If I had a semester with Zahir and a few of the best kids in the school, I could get their SAT verbal scores up to Ivy level. I know I could. Give me these kids for a semester, the driven ones, the motivated ones, and I will forever alter their life path. Colleges are falling over themselves to admit black kids from the hood but they can’t find qualified ones. I’ll make them.
But no. That idea would go nowhere. It sounds like a joke when I say it out loud.
Instead, tons of money and resources go to social workers, case managers, and one-on-ones for the worst kids. The ones with the behavior problems, the ones who just want to disrupt and don’t want to learn. I’m done with feeling sorry for them. They have problems and should get help, but they poison the school for the kids who are trying. Who care.
Our society had made a collective decision to reward bad behavior and punish the good. The kid who is the most disruptive gets the most attention. The kids who are good quietly shut down. Teachers don’t have time to give them the attention they deserve because we are too busy managing the kids who are a threat to themselves and others on a daily basis.
The good kids should matter more than the ones who are abjectly dysfunctional. But the system values the dysfunctional many times more. They get all the resources, all the excuses, all the time in the world. Only a small percentage of kids with IEPs can fail, else the school gets in trouble.
I have a solution. Controversial, but it would work:
Kick the bad kids out.
Get rid of the behavior problems. Send them to the schools that are more like military schools, where they can be re-parented because they obviously did not learn how to behave at home. Their iPhone addicted and likely drug addicted parents didn’t parent them so let the state do it if you love the state so much. Or send them to work. Get the disrupters away from the kids who have a chance, who want to become productive members of society.
I want Zahir to go to Temple, become an English teacher, learn to use the English language.
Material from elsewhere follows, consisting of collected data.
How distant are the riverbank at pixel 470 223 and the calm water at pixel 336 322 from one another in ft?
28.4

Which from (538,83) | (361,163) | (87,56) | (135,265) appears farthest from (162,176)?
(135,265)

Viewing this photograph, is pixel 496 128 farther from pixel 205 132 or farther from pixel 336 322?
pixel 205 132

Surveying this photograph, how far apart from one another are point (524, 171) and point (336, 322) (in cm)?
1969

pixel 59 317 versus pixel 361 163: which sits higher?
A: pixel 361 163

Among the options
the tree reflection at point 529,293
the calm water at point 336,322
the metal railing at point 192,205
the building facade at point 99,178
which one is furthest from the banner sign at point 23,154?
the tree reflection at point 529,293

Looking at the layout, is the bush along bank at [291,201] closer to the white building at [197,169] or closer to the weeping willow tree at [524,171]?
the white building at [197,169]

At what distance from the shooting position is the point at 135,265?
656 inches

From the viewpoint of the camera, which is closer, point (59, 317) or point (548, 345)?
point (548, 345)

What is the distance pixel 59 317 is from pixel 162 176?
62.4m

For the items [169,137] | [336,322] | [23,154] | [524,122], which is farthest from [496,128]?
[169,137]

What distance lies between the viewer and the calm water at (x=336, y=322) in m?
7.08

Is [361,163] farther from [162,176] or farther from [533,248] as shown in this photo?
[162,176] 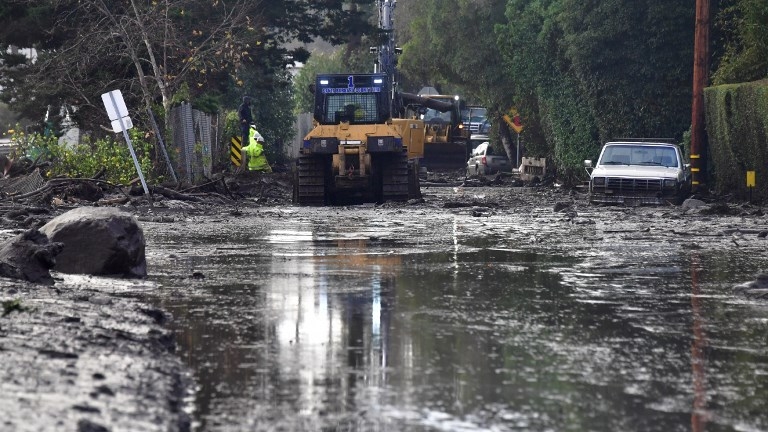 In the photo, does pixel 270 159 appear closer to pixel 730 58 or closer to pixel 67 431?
pixel 730 58

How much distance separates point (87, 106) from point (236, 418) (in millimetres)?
30836

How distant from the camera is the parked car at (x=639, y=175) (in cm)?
3091

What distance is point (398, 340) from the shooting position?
10141 mm

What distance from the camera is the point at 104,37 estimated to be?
35.1 meters

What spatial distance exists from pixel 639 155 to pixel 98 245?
1985 cm

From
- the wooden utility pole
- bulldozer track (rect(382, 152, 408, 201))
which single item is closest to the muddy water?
bulldozer track (rect(382, 152, 408, 201))

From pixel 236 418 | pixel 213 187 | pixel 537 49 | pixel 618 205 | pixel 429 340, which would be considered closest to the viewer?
pixel 236 418

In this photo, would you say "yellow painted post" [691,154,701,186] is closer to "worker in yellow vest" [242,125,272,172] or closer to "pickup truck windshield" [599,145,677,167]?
"pickup truck windshield" [599,145,677,167]

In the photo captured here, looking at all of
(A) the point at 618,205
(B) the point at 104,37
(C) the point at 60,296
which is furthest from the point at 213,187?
(C) the point at 60,296

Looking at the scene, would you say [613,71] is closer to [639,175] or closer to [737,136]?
[737,136]

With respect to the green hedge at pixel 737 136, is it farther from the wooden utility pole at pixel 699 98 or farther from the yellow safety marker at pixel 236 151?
the yellow safety marker at pixel 236 151

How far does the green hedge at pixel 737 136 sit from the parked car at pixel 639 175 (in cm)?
109

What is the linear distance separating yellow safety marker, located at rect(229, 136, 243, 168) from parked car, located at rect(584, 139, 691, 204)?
1285cm

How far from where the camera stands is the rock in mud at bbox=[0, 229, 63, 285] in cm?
1338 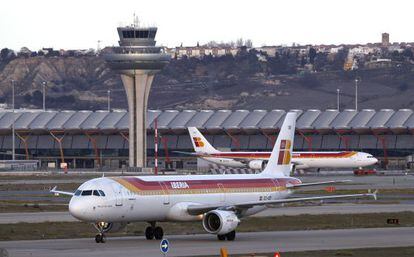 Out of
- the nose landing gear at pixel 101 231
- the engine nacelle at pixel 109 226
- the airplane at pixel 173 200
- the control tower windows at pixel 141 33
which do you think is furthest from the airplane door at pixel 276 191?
the control tower windows at pixel 141 33

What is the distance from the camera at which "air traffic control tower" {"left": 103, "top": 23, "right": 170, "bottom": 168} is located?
188 m

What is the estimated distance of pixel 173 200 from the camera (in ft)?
200

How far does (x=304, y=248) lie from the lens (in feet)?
185

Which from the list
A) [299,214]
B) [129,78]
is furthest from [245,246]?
[129,78]

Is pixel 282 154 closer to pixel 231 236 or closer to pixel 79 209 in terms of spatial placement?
pixel 231 236

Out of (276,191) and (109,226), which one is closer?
(109,226)

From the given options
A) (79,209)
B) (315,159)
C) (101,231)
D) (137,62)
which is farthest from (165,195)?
(137,62)

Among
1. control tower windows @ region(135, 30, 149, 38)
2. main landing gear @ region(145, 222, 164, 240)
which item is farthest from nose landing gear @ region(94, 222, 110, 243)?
control tower windows @ region(135, 30, 149, 38)

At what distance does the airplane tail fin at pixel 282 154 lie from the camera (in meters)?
68.4

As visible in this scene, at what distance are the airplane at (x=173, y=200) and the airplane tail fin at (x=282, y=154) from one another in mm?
2209

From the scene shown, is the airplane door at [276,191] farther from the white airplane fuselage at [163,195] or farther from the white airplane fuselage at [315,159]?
the white airplane fuselage at [315,159]

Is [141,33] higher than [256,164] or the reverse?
higher

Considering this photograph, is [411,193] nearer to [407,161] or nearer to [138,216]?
[138,216]

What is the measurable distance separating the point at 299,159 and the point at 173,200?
10905 centimetres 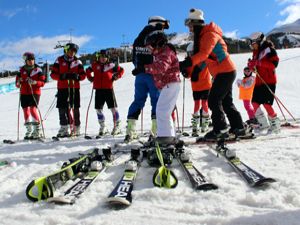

I want him to write. I want him to marry a nice young lady and have his own children. I want to teach his children in middle school. Is that too much to ask?
But if things don’t change he won’t have a chance. Because the norms are so low, and the good kids don’t get any attention.
Someone has to fight for them. I’m looking around. I don’t see anyone else.
Guess it’s me.


This makes me so sad. It’s part of the “dumbing down” of our schools. Even the AP classes have lowered their standards.
“Someone has to fight for them. I’m looking around. I don’t see anyone else.
Guess it’s me.” It’s You. There’s no one else.